Would you set down each line of the data below exactly?
• • • •
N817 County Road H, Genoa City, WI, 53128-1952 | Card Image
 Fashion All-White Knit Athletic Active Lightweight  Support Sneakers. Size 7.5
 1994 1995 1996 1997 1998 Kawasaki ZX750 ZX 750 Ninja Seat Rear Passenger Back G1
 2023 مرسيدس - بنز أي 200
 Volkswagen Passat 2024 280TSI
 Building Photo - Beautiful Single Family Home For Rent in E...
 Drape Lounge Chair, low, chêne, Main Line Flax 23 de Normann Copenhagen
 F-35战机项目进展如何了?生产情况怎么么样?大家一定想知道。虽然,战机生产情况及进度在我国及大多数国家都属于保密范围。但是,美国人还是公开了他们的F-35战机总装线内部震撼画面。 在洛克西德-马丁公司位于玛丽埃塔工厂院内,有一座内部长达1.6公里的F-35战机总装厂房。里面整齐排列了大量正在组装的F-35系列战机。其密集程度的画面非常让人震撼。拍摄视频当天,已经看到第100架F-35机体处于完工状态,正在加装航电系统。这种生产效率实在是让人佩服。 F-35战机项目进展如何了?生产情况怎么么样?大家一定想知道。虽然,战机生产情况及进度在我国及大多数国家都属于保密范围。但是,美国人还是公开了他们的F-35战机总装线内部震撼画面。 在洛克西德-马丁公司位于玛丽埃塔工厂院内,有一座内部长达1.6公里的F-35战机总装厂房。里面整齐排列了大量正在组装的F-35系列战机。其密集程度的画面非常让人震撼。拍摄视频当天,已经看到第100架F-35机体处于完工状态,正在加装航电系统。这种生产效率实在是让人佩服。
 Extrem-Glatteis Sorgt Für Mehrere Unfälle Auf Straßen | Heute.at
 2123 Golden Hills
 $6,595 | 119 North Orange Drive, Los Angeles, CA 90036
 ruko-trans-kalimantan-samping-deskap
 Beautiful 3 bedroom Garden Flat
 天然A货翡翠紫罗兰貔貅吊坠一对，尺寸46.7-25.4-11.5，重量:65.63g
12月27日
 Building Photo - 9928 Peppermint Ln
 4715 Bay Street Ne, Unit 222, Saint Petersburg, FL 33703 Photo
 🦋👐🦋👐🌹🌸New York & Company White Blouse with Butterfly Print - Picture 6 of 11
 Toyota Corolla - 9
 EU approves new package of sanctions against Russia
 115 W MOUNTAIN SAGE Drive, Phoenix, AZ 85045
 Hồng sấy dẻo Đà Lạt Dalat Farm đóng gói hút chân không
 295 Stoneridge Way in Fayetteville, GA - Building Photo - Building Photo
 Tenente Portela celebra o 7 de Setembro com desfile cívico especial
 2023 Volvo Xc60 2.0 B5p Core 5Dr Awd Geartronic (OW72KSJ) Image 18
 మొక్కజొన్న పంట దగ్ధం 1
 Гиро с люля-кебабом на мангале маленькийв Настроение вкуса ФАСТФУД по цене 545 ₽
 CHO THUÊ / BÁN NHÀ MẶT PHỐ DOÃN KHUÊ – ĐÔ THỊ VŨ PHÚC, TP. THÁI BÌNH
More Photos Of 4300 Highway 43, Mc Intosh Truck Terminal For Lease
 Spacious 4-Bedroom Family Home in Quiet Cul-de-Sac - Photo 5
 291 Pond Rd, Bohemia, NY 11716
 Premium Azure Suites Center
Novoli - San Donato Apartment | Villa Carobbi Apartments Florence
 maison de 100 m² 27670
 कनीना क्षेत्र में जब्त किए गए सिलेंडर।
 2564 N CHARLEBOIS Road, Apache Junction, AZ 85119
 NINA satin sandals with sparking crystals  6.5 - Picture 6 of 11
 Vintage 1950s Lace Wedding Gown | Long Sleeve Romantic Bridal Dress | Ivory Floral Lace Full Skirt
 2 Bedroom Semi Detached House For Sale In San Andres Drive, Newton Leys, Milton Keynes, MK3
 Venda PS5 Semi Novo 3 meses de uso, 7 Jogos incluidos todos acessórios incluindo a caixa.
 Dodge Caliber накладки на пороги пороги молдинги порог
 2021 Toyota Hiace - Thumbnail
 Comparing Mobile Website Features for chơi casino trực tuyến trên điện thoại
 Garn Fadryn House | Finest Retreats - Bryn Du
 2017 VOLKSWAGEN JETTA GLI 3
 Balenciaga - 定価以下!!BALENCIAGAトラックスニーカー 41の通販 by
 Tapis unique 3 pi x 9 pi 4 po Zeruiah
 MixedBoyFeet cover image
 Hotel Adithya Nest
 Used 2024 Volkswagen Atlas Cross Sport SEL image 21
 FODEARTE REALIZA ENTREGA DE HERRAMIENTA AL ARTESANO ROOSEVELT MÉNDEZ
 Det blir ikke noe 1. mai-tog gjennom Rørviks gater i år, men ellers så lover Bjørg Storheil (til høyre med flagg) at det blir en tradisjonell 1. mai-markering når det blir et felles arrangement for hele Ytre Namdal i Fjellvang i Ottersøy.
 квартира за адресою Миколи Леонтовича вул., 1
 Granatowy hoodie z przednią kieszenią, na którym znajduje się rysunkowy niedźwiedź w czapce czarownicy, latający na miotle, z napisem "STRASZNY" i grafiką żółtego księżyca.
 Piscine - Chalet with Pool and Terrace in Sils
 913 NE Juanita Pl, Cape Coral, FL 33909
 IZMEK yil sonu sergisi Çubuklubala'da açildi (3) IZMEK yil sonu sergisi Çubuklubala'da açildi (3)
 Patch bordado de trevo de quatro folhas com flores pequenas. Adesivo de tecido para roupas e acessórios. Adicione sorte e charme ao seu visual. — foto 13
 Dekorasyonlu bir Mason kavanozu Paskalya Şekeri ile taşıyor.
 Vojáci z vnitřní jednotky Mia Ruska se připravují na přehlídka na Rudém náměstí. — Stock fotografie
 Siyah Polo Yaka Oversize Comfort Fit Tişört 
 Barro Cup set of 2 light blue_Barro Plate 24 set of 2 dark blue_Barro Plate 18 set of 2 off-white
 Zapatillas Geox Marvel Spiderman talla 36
• • • •
OUTPUT OF THE EXERCISE>
N817 County Road H, Genoa City, WI, 53128-1952 | Card Image
 Fashion All-White Knit Athletic Active Lightweight  Support Sneakers. Size 7.5
 1994 1995 1996 1997 1998 Kawasaki ZX750 ZX 750 Ninja Seat Rear Passenger Back G1
 2023 مرسيدس - بنز أي 200
 Volkswagen Passat 2024 280TSI
 Building Photo - Beautiful Single Family Home For Rent in E...
 Drape Lounge Chair, low, chêne, Main Line Flax 23 de Normann Copenhagen
 F-35战机项目进展如何了?生产情况怎么么样?大家一定想知道。虽然,战机生产情况及进度在我国及大多数国家都属于保密范围。但是,美国人还是公开了他们的F-35战机总装线内部震撼画面。 在洛克西德-马丁公司位于玛丽埃塔工厂院内,有一座内部长达1.6公里的F-35战机总装厂房。里面整齐排列了大量正在组装的F-35系列战机。其密集程度的画面非常让人震撼。拍摄视频当天,已经看到第100架F-35机体处于完工状态,正在加装航电系统。这种生产效率实在是让人佩服。 F-35战机项目进展如何了?生产情况怎么么样?大家一定想知道。虽然,战机生产情况及进度在我国及大多数国家都属于保密范围。但是,美国人还是公开了他们的F-35战机总装线内部震撼画面。 在洛克西德-马丁公司位于玛丽埃塔工厂院内,有一座内部长达1.6公里的F-35战机总装厂房。里面整齐排列了大量正在组装的F-35系列战机。其密集程度的画面非常让人震撼。拍摄视频当天,已经看到第100架F-35机体处于完工状态,正在加装航电系统。这种生产效率实在是让人佩服。
 Extrem-Glatteis Sorgt Für Mehrere Unfälle Auf Straßen | Heute.at
 2123 Golden Hills
 $6,595 | 119 North Orange Drive, Los Angeles, CA 90036
 ruko-trans-kalimantan-samping-deskap
 Beautiful 3 bedroom Garden Flat
 天然A货翡翠紫罗兰貔貅吊坠一对，尺寸46.7-25.4-11.5，重量:65.63g
12月27日
 Building Photo - 9928 Peppermint Ln
 4715 Bay Street Ne, Unit 222, Saint Petersburg, FL 33703 Photo
 🦋👐🦋👐🌹🌸New York & Company White Blouse with Butterfly Print - Picture 6 of 11
 Toyota Corolla - 9
 EU approves new package of sanctions against Russia
 115 W MOUNTAIN SAGE Drive, Phoenix, AZ 85045
 Hồng sấy dẻo Đà Lạt Dalat Farm đóng gói hút chân không
 295 Stoneridge Way in Fayetteville, GA - Building Photo - Building Photo
 Tenente Portela celebra o 7 de Setembro com desfile cívico especial
 2023 Volvo Xc60 2.0 B5p Core 5Dr Awd Geartronic (OW72KSJ) Image 18
 మొక్కజొన్న పంట దగ్ధం 1
 Гиро с люля-кебабом на мангале маленькийв Настроение вкуса ФАСТФУД по цене 545 ₽
 CHO THUÊ / BÁN NHÀ MẶT PHỐ DOÃN KHUÊ – ĐÔ THỊ VŨ PHÚC, TP. THÁI BÌNH
More Photos Of 4300 Highway 43, Mc Intosh Truck Terminal For Lease
 Spacious 4-Bedroom Family Home in Quiet Cul-de-Sac - Photo 5
 291 Pond Rd, Bohemia, NY 11716
 Premium Azure Suites Center
Novoli - San Donato Apartment | Villa Carobbi Apartments Florence
 maison de 100 m² 27670
 कनीना क्षेत्र में जब्त किए गए सिलेंडर।
 2564 N CHARLEBOIS Road, Apache Junction, AZ 85119
 NINA satin sandals with sparking crystals  6.5 - Picture 6 of 11
 Vintage 1950s Lace Wedding Gown | Long Sleeve Romantic Bridal Dress | Ivory Floral Lace Full Skirt
 2 Bedroom Semi Detached House For Sale In San Andres Drive, Newton Leys, Milton Keynes, MK3
 Venda PS5 Semi Novo 3 meses de uso, 7 Jogos incluidos todos acessórios incluindo a caixa.
 Dodge Caliber накладки на пороги пороги молдинги порог
 2021 Toyota Hiace - Thumbnail
 Comparing Mobile Website Features for chơi casino trực tuyến trên điện thoại
 Garn Fadryn House | Finest Retreats - Bryn Du
 2017 VOLKSWAGEN JETTA GLI 3
 Balenciaga - 定価以下!!BALENCIAGAトラックスニーカー 41の通販 by
 Tapis unique 3 pi x 9 pi 4 po Zeruiah
 MixedBoyFeet cover image
 Hotel Adithya Nest
 Used 2024 Volkswagen Atlas Cross Sport SEL image 21
 FODEARTE REALIZA ENTREGA DE HERRAMIENTA AL ARTESANO ROOSEVELT MÉNDEZ
 Det blir ikke noe 1. mai-tog gjennom Rørviks gater i år, men ellers så lover Bjørg Storheil (til høyre med flagg) at det blir en tradisjonell 1. mai-markering når det blir et felles arrangement for hele Ytre Namdal i Fjellvang i Ottersøy.
 квартира за адресою Миколи Леонтовича вул., 1
 Granatowy hoodie z przednią kieszenią, na którym znajduje się rysunkowy niedźwiedź w czapce czarownicy, latający na miotle, z napisem "STRASZNY" i grafiką żółtego księżyca.
 Piscine - Chalet with Pool and Terrace in Sils
 913 NE Juanita Pl, Cape Coral, FL 33909
 IZMEK yil sonu sergisi Çubuklubala'da açildi (3) IZMEK yil sonu sergisi Çubuklubala'da açildi (3)
 Patch bordado de trevo de quatro folhas com flores pequenas. Adesivo de tecido para roupas e acessórios. Adicione sorte e charme ao seu visual. — foto 13
 Dekorasyonlu bir Mason kavanozu Paskalya Şekeri ile taşıyor.
 Vojáci z vnitřní jednotky Mia Ruska se připravují na přehlídka na Rudém náměstí. — Stock fotografie
 Siyah Polo Yaka Oversize Comfort Fit Tişört 
 Barro Cup set of 2 light blue_Barro Plate 24 set of 2 dark blue_Barro Plate 18 set of 2 off-white
 Zapatillas Geox Marvel Spiderman talla 36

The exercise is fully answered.